口頭弁論に立った久美子氏はやや緊張気味。何度も手の汗をハンカチで拭う場面が見られた。この日、父・勝久氏とは一度も目を合わすことなく、「(父に)訴訟まで起こされるとは思ってもいなかった」「大塚家具の経営にいろいろと思うところがあり、経営にプレッシャーをかけたいのかなと思った」「親がつくった会社をみんなで守っていこうとやったことを親に無にされて残念というか情けない」などと主張した。

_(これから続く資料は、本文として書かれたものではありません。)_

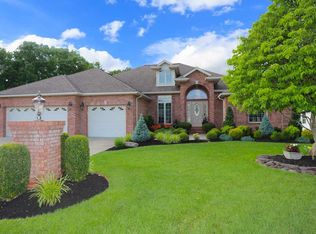 511 Township Road 1233, Proctorville, OH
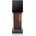 Huda Beauty Faux Filter Foundation дълготраен фон дьо тен цвят Ganache 35ml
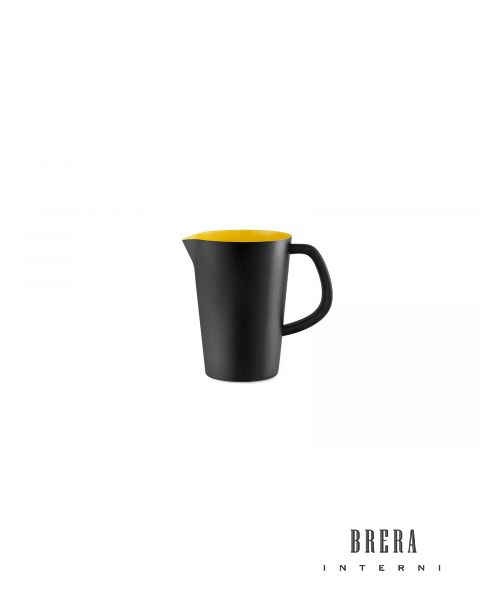 Normann Copenhagen Krenit Caraffa 70 cl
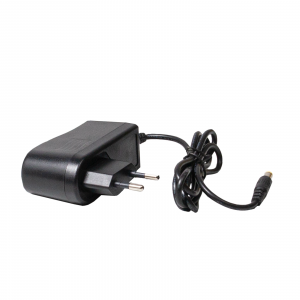СЗУ LI 1S-3.7V 4.2V 1A XVE-0420100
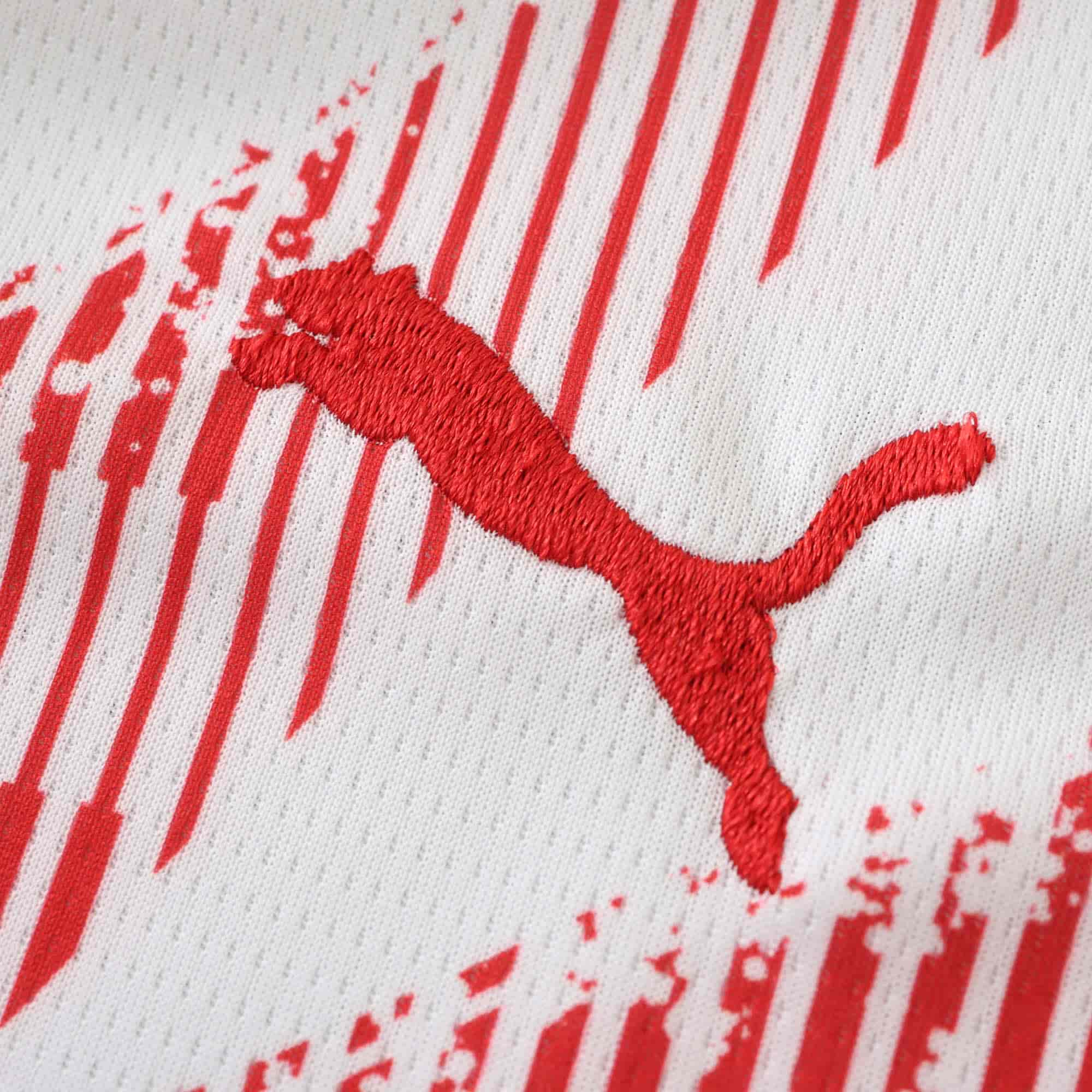 RB Leipzig 24-25 Home Kids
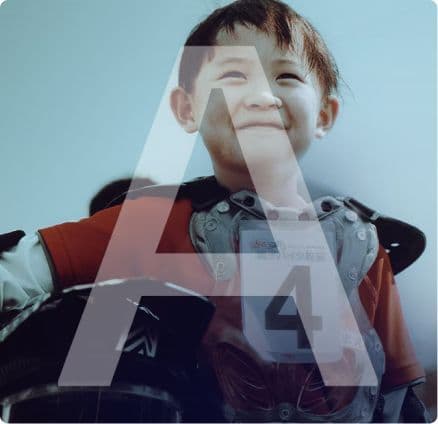 Yamaha avançando em robótica com tecnologia inteligente e inovações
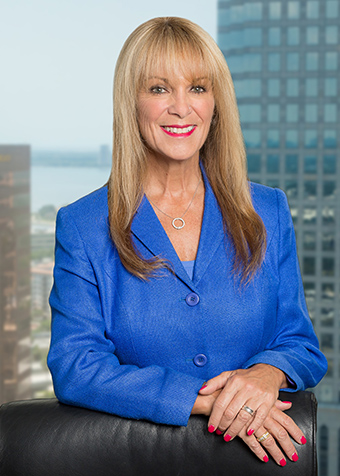 Lisa Mcallister Lisa Mcallister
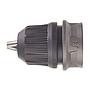 TALADRO M12 PORTA INTERCAM FPDXKIT-202X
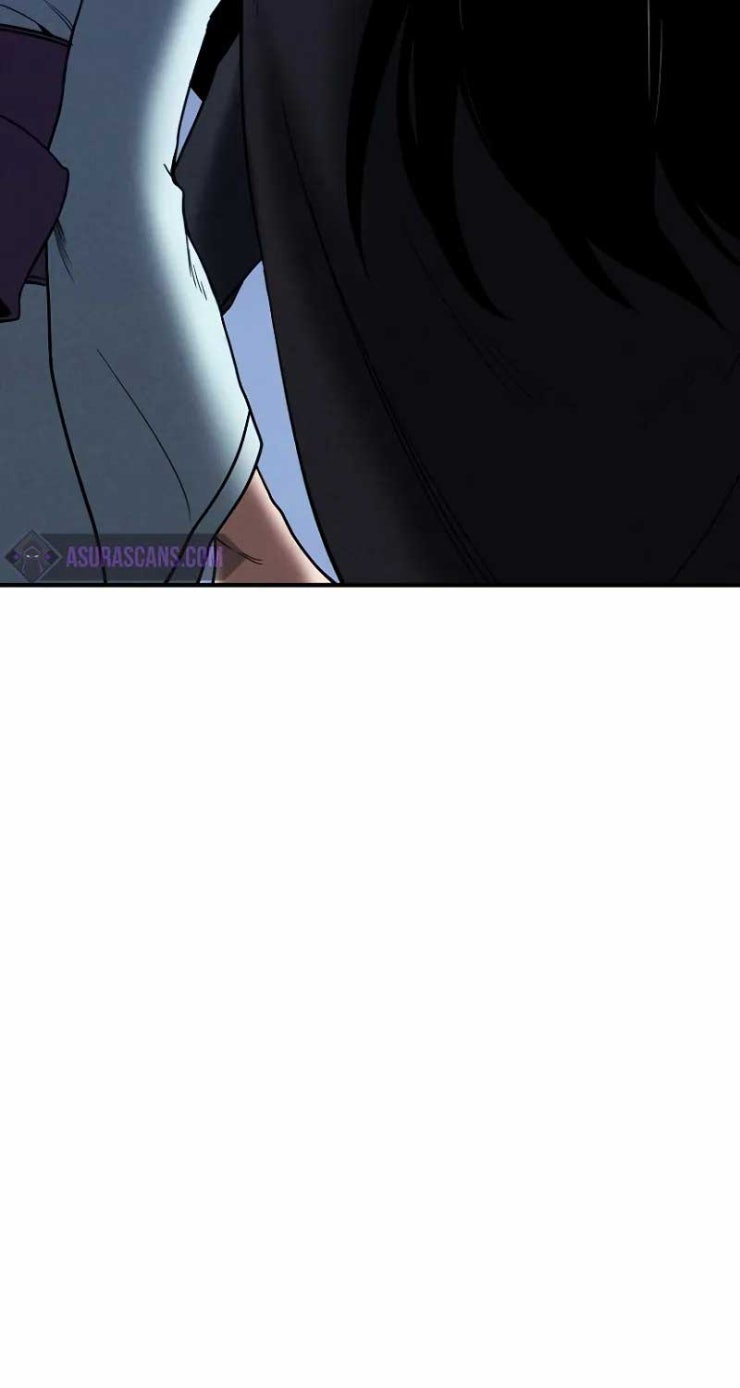 Tử Linh Sư Mạnh Nhất - Page 29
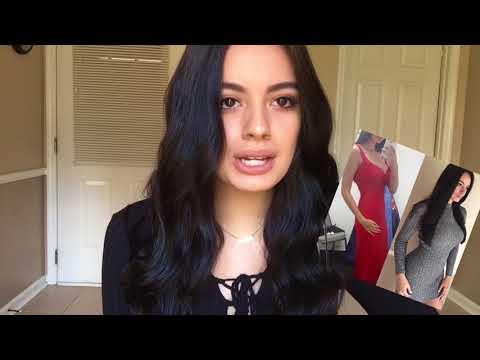 Becoming a curve model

その後、ききょう企画社長で久美子氏を支持する妹の大塚舞子氏の口頭弁論に移ると、久美子氏は傍聴席最後方から妹を心配そうに見つめていた。舞子氏が「この訴訟の原因は大塚家具の内部のトラブルが原因。トラブルを解決すべく手段を持たないものが巻き込まれた」と、言葉に詰まり泣きながら訴えると、久美子氏も目をハンカチで押さえながら一緒にすすり泣く様子が見られた。
勝久氏は裁判官から注意を受ける
一方、勝久氏はこの場面でも動じる様子は伺えなかった。首を横に振ったり、身を乗り出しながら久美子氏と舞子氏の口頭弁論を聞き、この日最後となる自分の出番を待ち切れない様子だった。実際、自分の番では言いたいことを言いたくてたまらない感じだった。
勝久氏は「へりくつは大嫌いだ」「私は今、無職だ」「なぜ私を(大塚家具から)追い出すようなまねをしたのか」などと声を荒げて訴える場面があった。また反対尋問する弁護士の質問を遮って反論し、裁判官から「議論する場ではない」と注意を受ける場面もあった。株主総会の委任状争奪戦(プロキシファイト)で久美子氏に負けて会長を退いたが、意気消沈する姿はそこにはなく、元気そのものという印象だ。
勝久氏は現在も大塚家具の18%の株を握る筆頭株主であることは変わらない。一方、今回の裁判の舞台であるききょう企画は大塚家具の10%弱の株を握り同じく大株主で、株主総会では久美子氏を支持するなど、久美子氏にとって非常に重要な“票田”だ。